Сидим, курим. Чувствую, что предстоящее свидание двух теток с разных планет беспокоит Веронику. Гладко ли все обойдется, не возникнет ли взаимной неприязни, прячущейся под любезными улыбками, но вслух мы говорим о другом... Восхищаемся виллой. Тете Эдме и дяде Полю непременно понравится отведенная им комната на втором этаже...

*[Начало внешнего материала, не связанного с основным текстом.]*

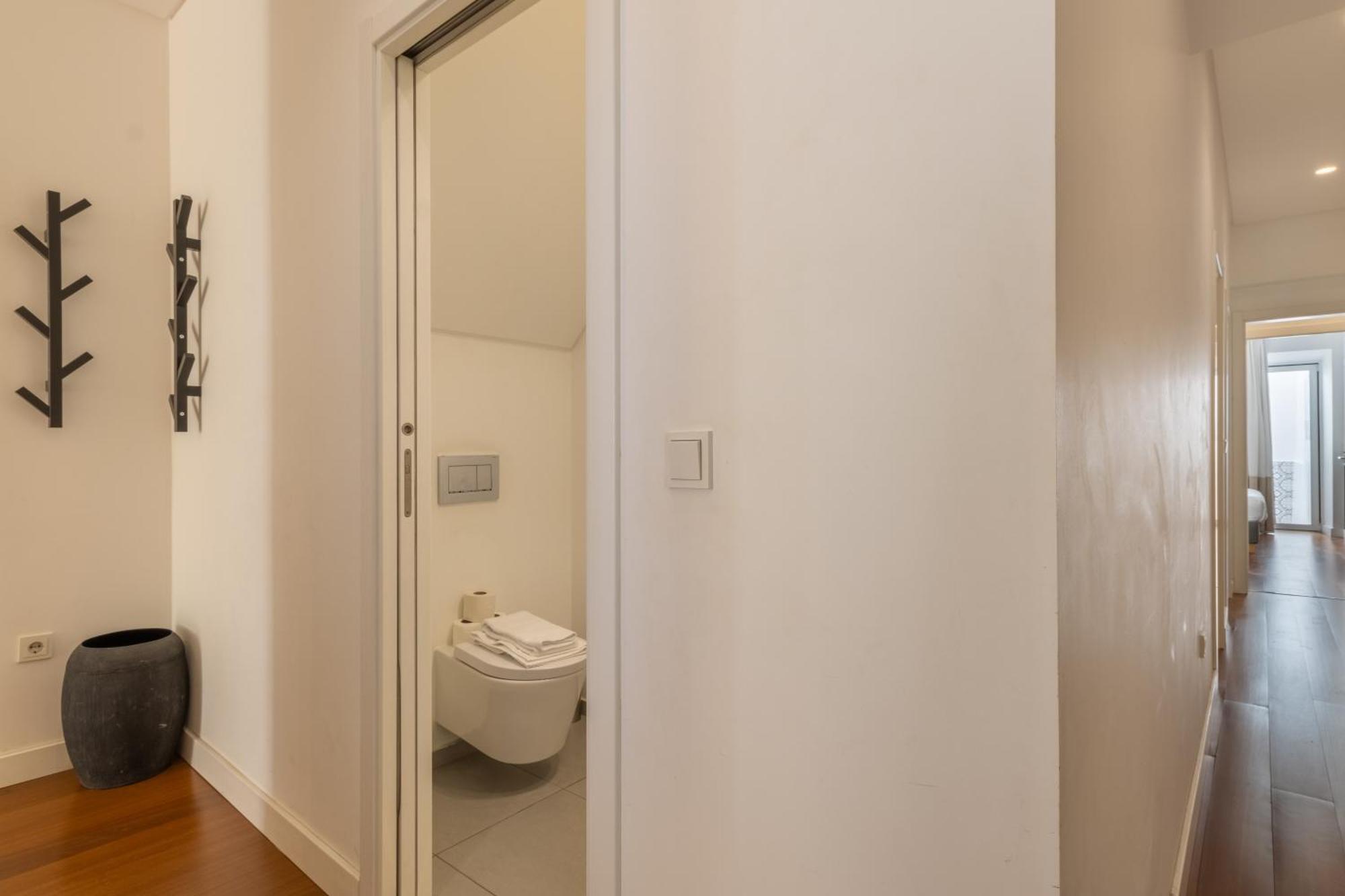 Apartment Modern 3br, Terrace, Ac/heating & Self Check-in Lisbon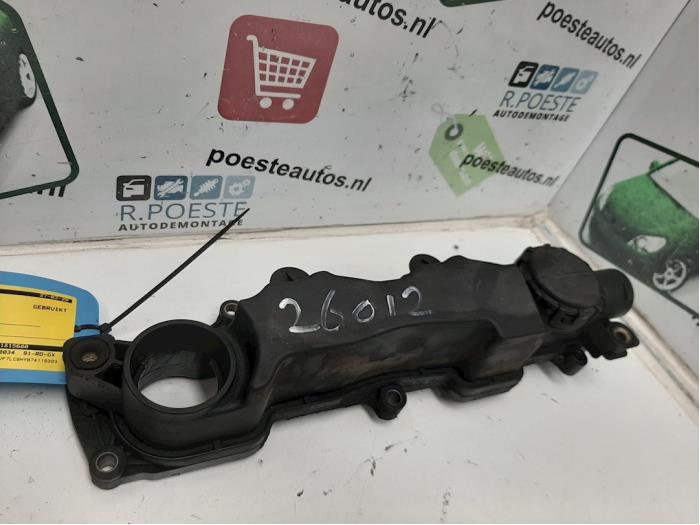 Usagé Couvercle soupapes Citroen C4 Berline (LC) 1.6 HDi 16V 110 Prix € 30,00 Règlement à la marge proposé par Autodemontagebedrijf R. Poeste B.V.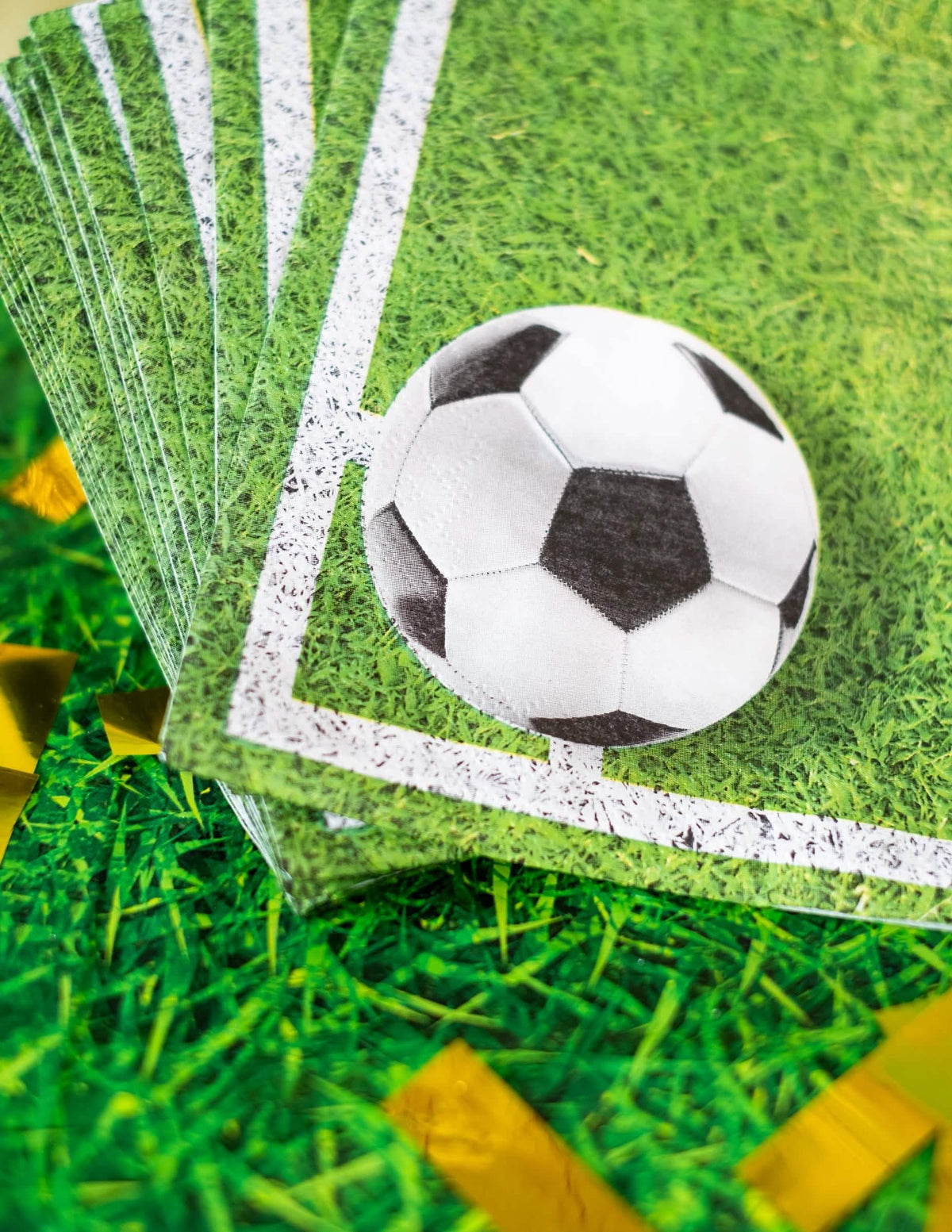 Detailný záber na motív lopta a trávnik na papierové obrúsky futbal na oslavu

Здешние дома, именуемые виллами, разнообразны. Наша двухэтажная, таких большинство, есть и трехэтажные, много одноэтажных. Различны их стили, рожденные фантазией и средствами владельцев. Приземистые, крепкие, немного хмурые дома, видимо, старобретонского типа, затем имитации средневековых замков (грубо отесанный камень, островерхие башни), испанские гациэнды с плоскими крышами, дома-модерн (ничего лишнего, острые углы, сверкающая белизна, много стекла), ну и уютные, приветливые, обсаженные глициниями и розами английского вида коттеджи, и, если бы мимо них не мелькали автомобили, могло показаться, что там живут герои Диккенса, преодолевшие к концу романа все свои невзгоды, и какая-нибудь прелестная крошка Доррит сидит за пяльцами у окна.

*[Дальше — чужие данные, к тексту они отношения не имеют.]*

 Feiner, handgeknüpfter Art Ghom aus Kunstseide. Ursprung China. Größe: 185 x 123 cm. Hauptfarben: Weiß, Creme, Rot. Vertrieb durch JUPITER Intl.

При каждой вилле гараж. Далеко не при каждой сад. Просторны дома. Малы участки. В прошлом году у виллы, снятой моими родственниками, сада не было. Был пятачок земли (куренка не выпустишь!), весь засыпанный рыжей галькой, ни травки, ни деревца. Ну, стояли там две небольшие пальмы, но эти экзотические растения с их шерстяными ногами и жестяными листьями я как-то не мыслю деревьями... Одна из дачных радостей — уединенное кресло в саду, в руках книга, под ногами трава, ну, а над головой чтоб, «вечно зеленея, темный дуб склонялся и шумел». Но там ничего этого не было, и я со своей книгой таскалась в маленький парк при отеле «Рояль», и земля там была, и трава, и деревья (искусно подстриженные, но уцелевшая листва все-таки шелестела), а вот уединения никакого! Мимо ходили, рядом садились — кипела жизнь. Я шла на пляж, усаживалась под тент, моими родственниками оплаченный, в один из трех оплаченных шезлонгов, под ногами песок, дубов, конечно, нет, зато перед глазами море, но жизнь тут кипит еще бурнее, чем в парке... Смельчаки, осваивавшие одиночное катание на парусных досках (виндсерфинг — модный нынче спорт), с хохотом валились в воду, лица, не имевшие оплаченных шезлонгов, сидели и лежали на разостланных полотенцах, громко переговариваясь; шумно играли в песке дети, а за спиной, по набережной мчались машины, их бесконечные потоки...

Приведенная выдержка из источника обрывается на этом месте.